Monday, January 23, 2012

Gingrich and the true believers


After watching the travesty that was the Republican primary in South Carolina, one wonders how a charlatan like Newt Gingrich could get 40 percent of the vote, particularly after his former wife’s revelations about his serial infidelity. The man is like a five-year-old in his utter selfishness. This is who we want for our next president?
How can Evangelicals in particular support such a blatant hypocrite? Gingrich claims he has repented of his sins and asked for God’s forgiveness. But he’s still benefitting from those sins, isn’t he? Gingrich’s idea of repentance is a sham. So why are Evangelicals buying his act? Are they simply clueless--or hypocritical?
Maybe they’re fanatics.  
In his 1951 book, The True Believer, Eric Hoffer analyzes “the art of ‘religiofication’ -- of turning practical purposes into holy causes.” What better way to describe Republican rhetoric and the Tea Party?
Honest Evangelicals and Tea Party followers (as opposed to those who exploit them) must see their own lives as spoiled and worthless. They crave a rebirth in a mass movement because they “are attracted by the prospect of sudden and spectacular change in their condition of life.”
Mitt Romney does not appeal to such people because he is so smug about his own “success”--meaning his mega-millions--that he really doesn’t want to change anything, other than to further engorge himself and the economic elite. The price of this free lunch for billionaires, however, may be staggering--and permanent.
The mass of Evangelicals and Tea Party zealots, on the other hand, really do seek change and see their cause as a holy one. As Hoffer points out, “Faith in a holy cause is to a considerable extent a substitute for the lost faith in ourselves. The less justified a man is in claiming excellence for his own self, the more ready he is to claim all excellence for his nation, his religion, his race or his holy cause.”

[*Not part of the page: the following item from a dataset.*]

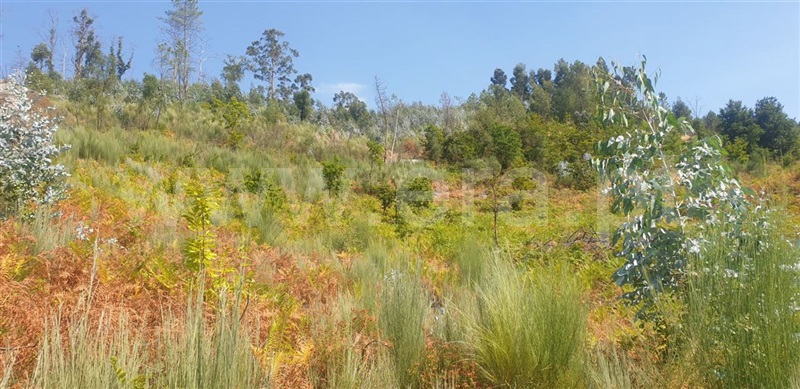 Terreno  Amarante, Olo e Canadelo - 1114859 - 18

Take back our country? Everything is Obama’s fault?
Okay, Evangelicals may say, so what if Gingrich is flawed? We all are; therefore, let’s forgive him and elect him (he may be ruthless and shameless, but at least he’s not a witless buffoon like Rick Perry). Presumably, this is the gift that keeps right on giving. One wonders which sins Newt would need to repent of as president. Quite a list, I imagine.
“Mass movements do not usually rise until the prevailing order has been discredited … and has lost the allegiance of the masses,” Hoffer notes. “The discrediting is not an automatic result of the blunders and abuses of those in power, but the deliberate work of men of words with a grievance.”
Remind you of anyone?
Voters must never forget that politicians like Gingrich are all salesmen, whose only product is themselves. Salesmen aren’t necessary when a need already exists for a product. Their only purpose--other than to enrich themselves--is to create a need for their product.
Gingrich may be a great salesman, but he’s also a lousy human being who would make the worst president I can imagine. Unfortunately, Romney may not be much better. When I see how easily the voters of South Carolina were swayed by Gingrich’s outburst at the start of the last debate, I tremble for the Republic.